- _Exercise instructions_
Your reply should be an exact copy of every entry, with the pictures removed.
━━━━━ Record set
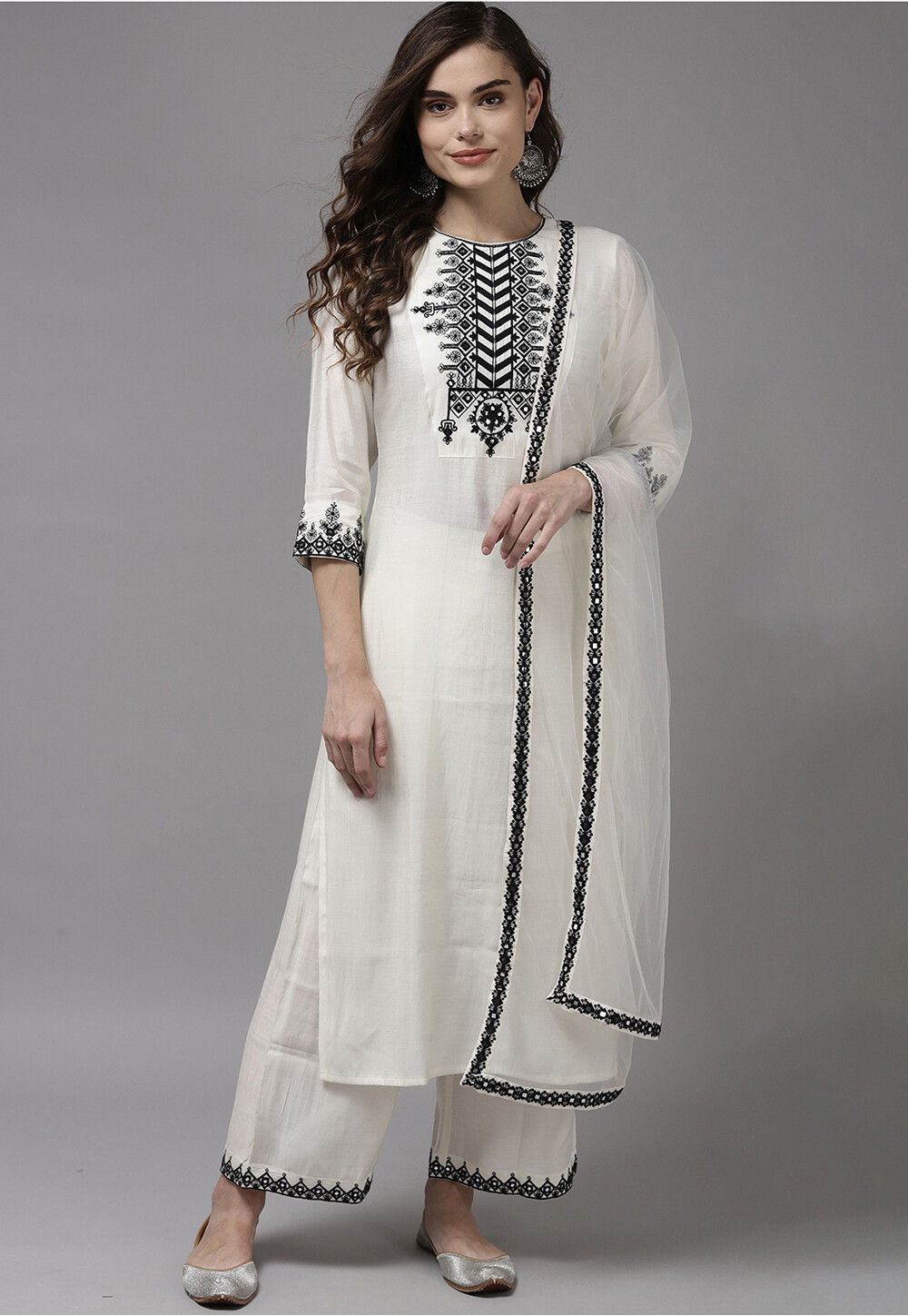 Embroidered Cotton Pakistani Suit in Off White : KJC1943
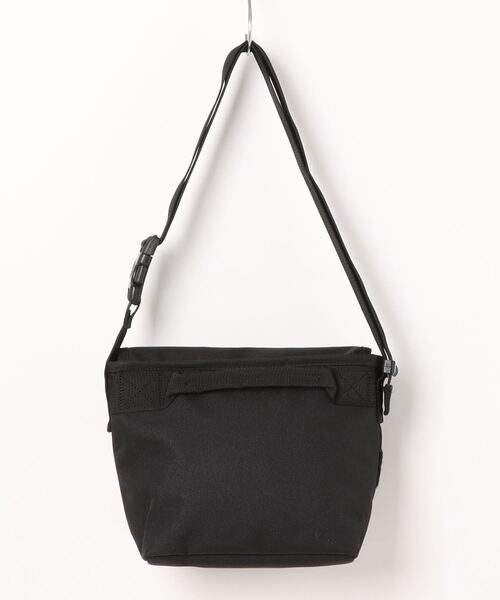 Herschel Supply（ハーシェルサプライ）の「【herschel】ミニボディバッグ（ボディバッグ/ウエストポーチ・レディース・ライトピンク/ブラック・フリー）」の5枚目の写真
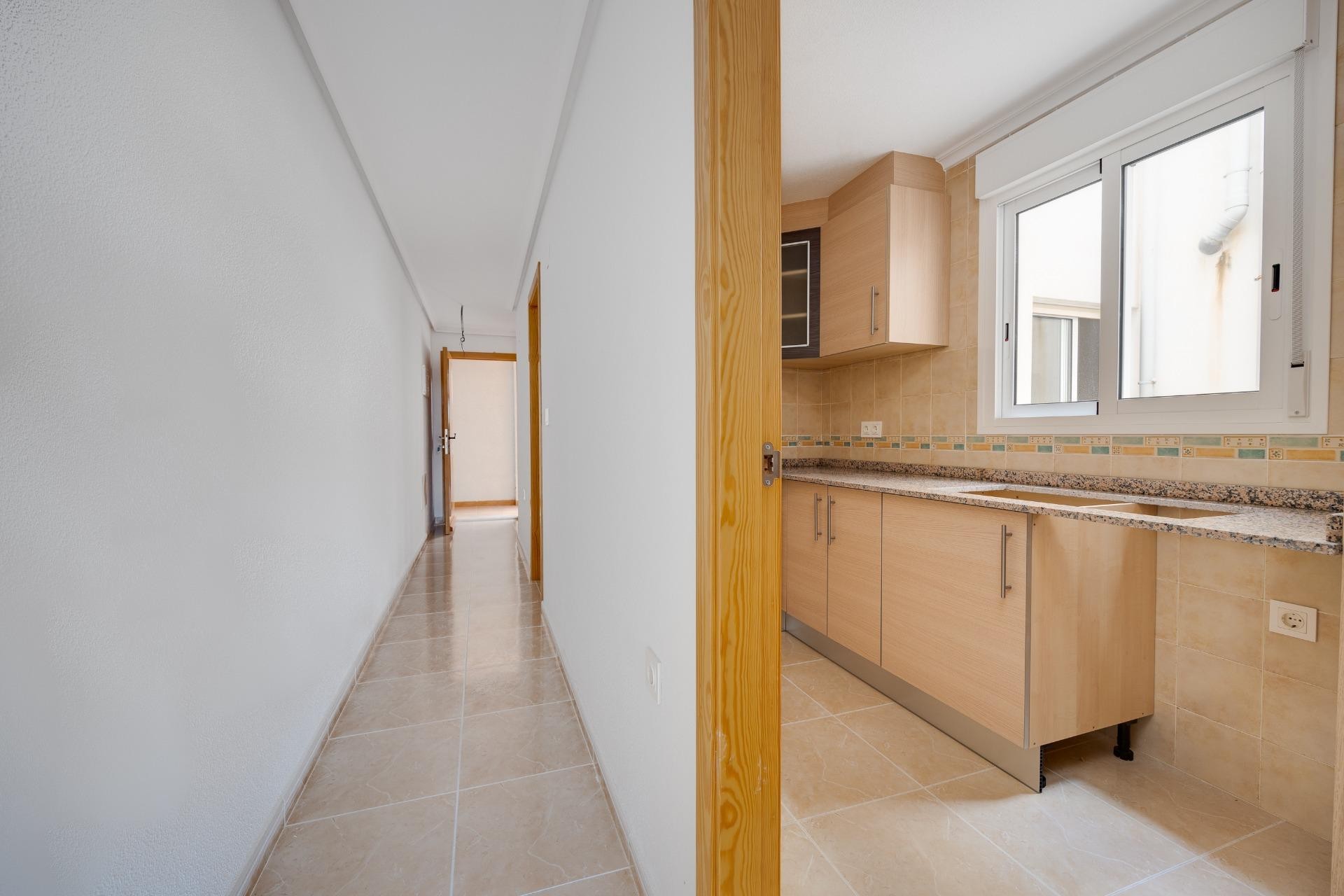 Återförsäljning - Apartment -
San Fulgencio - centro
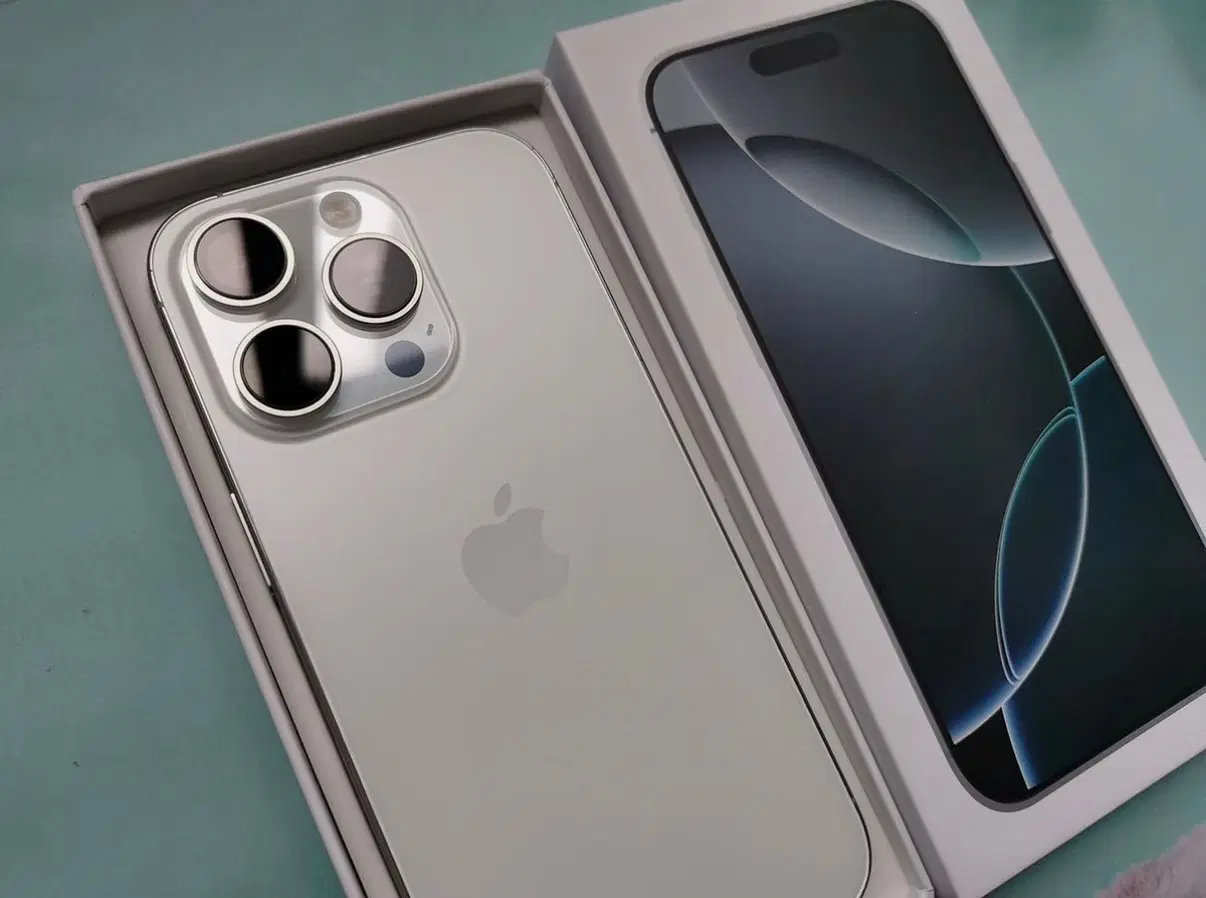 iPhone 16 pro|موبایل|تهران, حر|دیوار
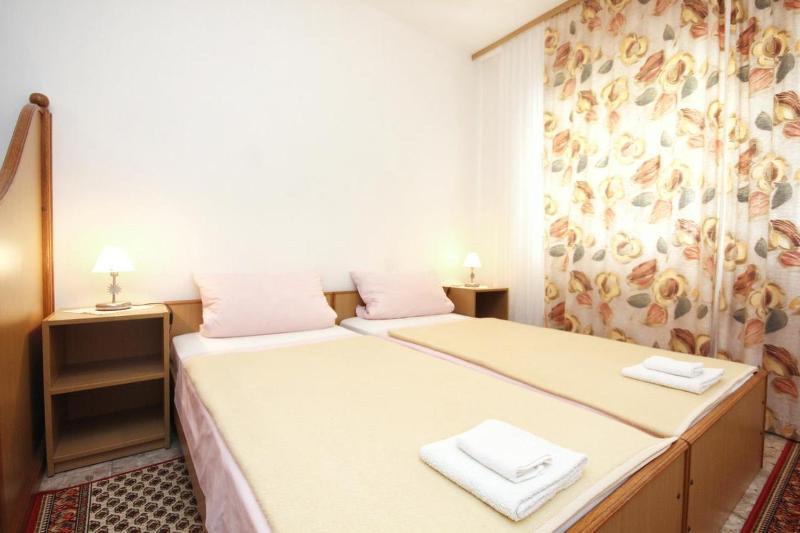 Studio with Balcony and Sea View image 3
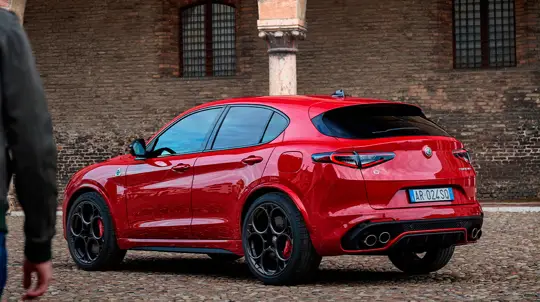 Alfa Romeo идет против тренда: Quadrifoglio вернутся с выхлопом и эмоциями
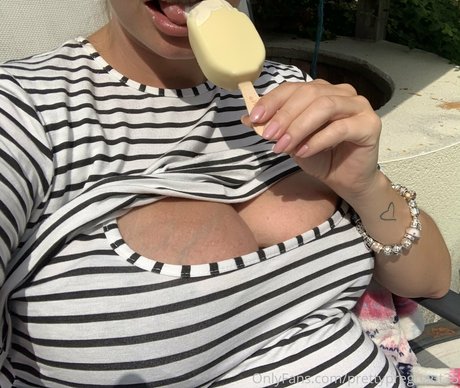 prettypregnant35 sex actress pics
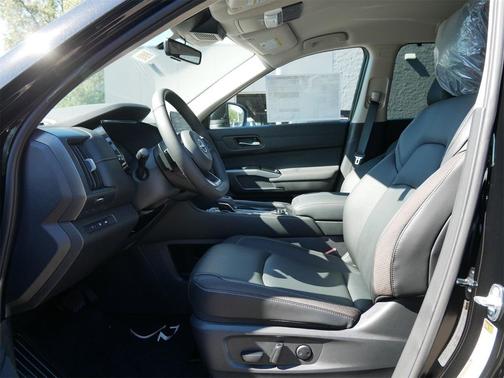 2025 Nissan Pathfinder SL 4WD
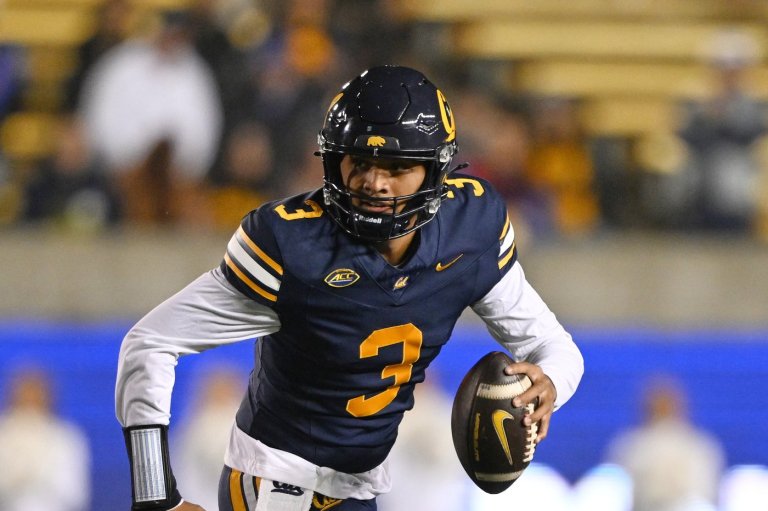 Cal gets ready for 1st season under coach Tosh Lupoi with QB Jaron-Keawe Sagapolutele at the helm | iNFOnews.ca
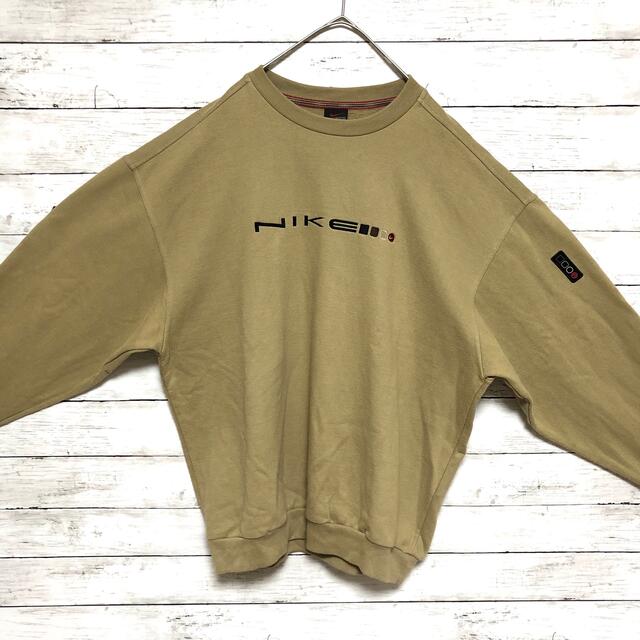 NIKE ナイキ 希少カラーベージュ L 刺繍ロゴ スウェット NIKE ナイキ 希少カラーベージュ L 刺繍ロゴ スウェット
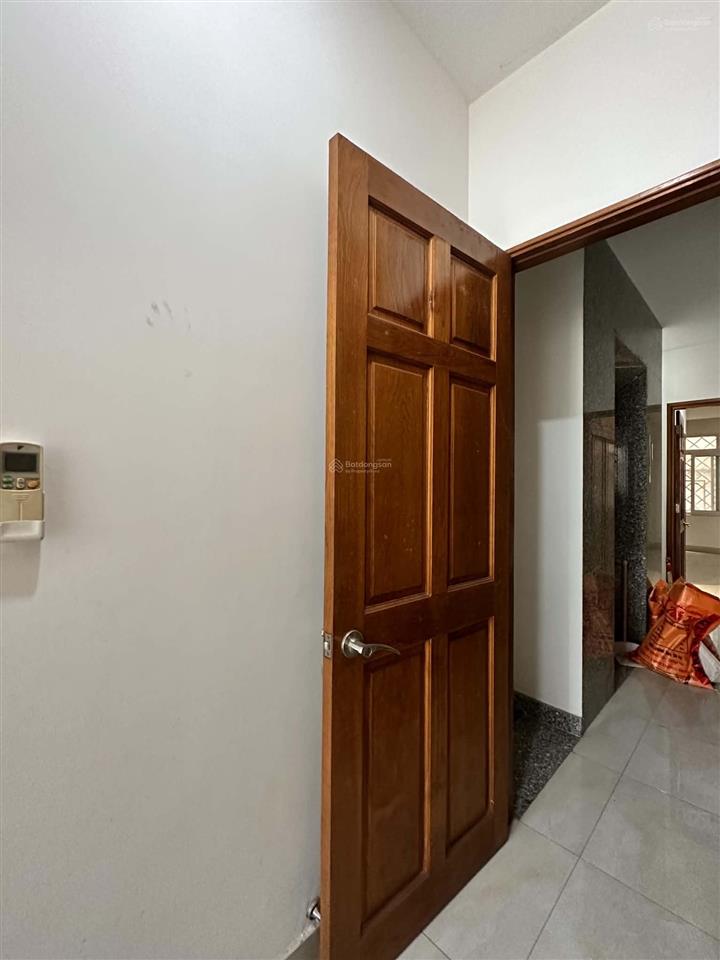 Bán nhà mặt tiền đường xóm chiếu, quận 4, giá rẻ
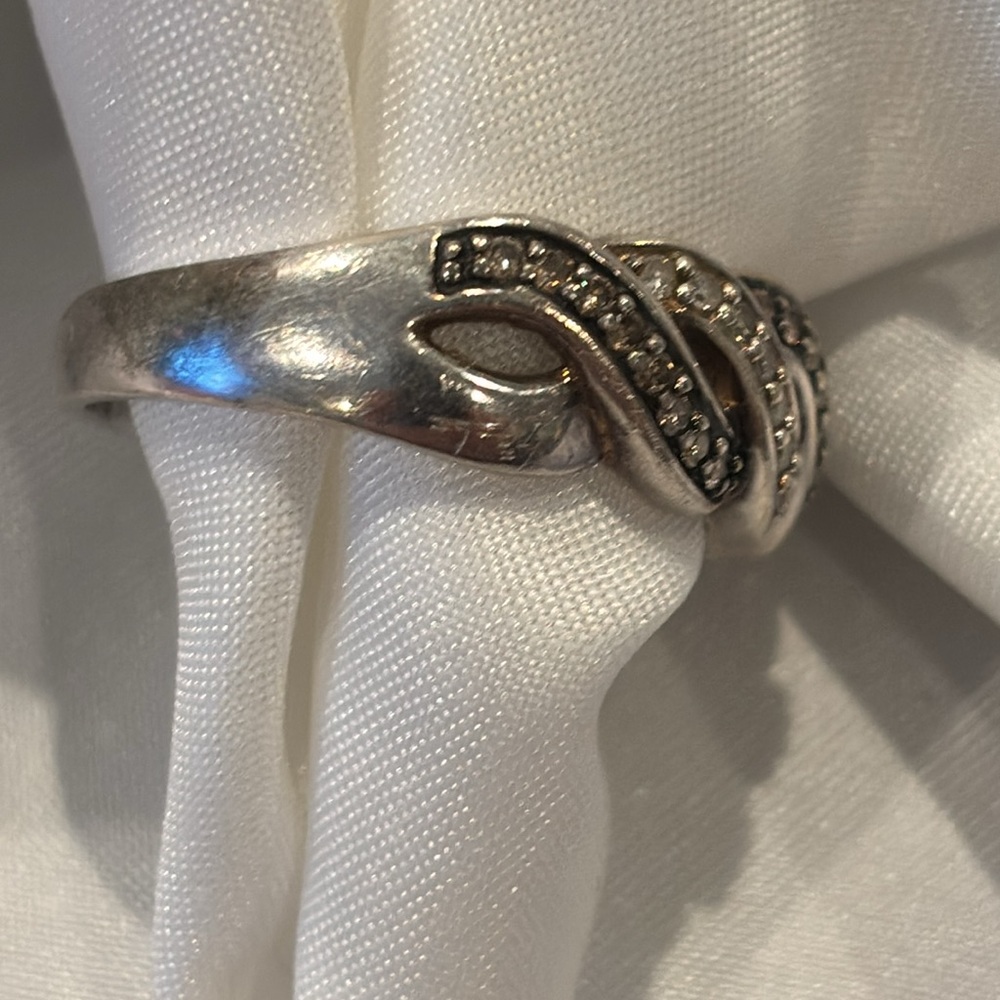 Affinity Silver (925) champagne and white diamond twist band ring. - Picture 4 of 6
━━━━━━━━━━
- _Your solution_
 Embroidered Cotton Pakistani Suit in Off White : KJC1943
 Herschel Supply（ハーシェルサプライ）の「【herschel】ミニボディバッグ（ボディバッグ/ウエストポーチ・レディース・ライトピンク/ブラック・フリー）」の5枚目の写真
 Återförsäljning - Apartment -
San Fulgencio - centro
 iPhone 16 pro|موبایل|تهران, حر|دیوار
 Studio with Balcony and Sea View image 3
 Alfa Romeo идет против тренда: Quadrifoglio вернутся с выхлопом и эмоциями
 prettypregnant35 sex actress pics
 2025 Nissan Pathfinder SL 4WD
 Cal gets ready for 1st season under coach Tosh Lupoi with QB Jaron-Keawe Sagapolutele at the helm | iNFOnews.ca
 NIKE ナイキ 希少カラーベージュ L 刺繍ロゴ スウェット NIKE ナイキ 希少カラーベージュ L 刺繍ロゴ スウェット
 Bán nhà mặt tiền đường xóm chiếu, quận 4, giá rẻ
 Affinity Silver (925) champagne and white diamond twist band ring. - Picture 4 of 6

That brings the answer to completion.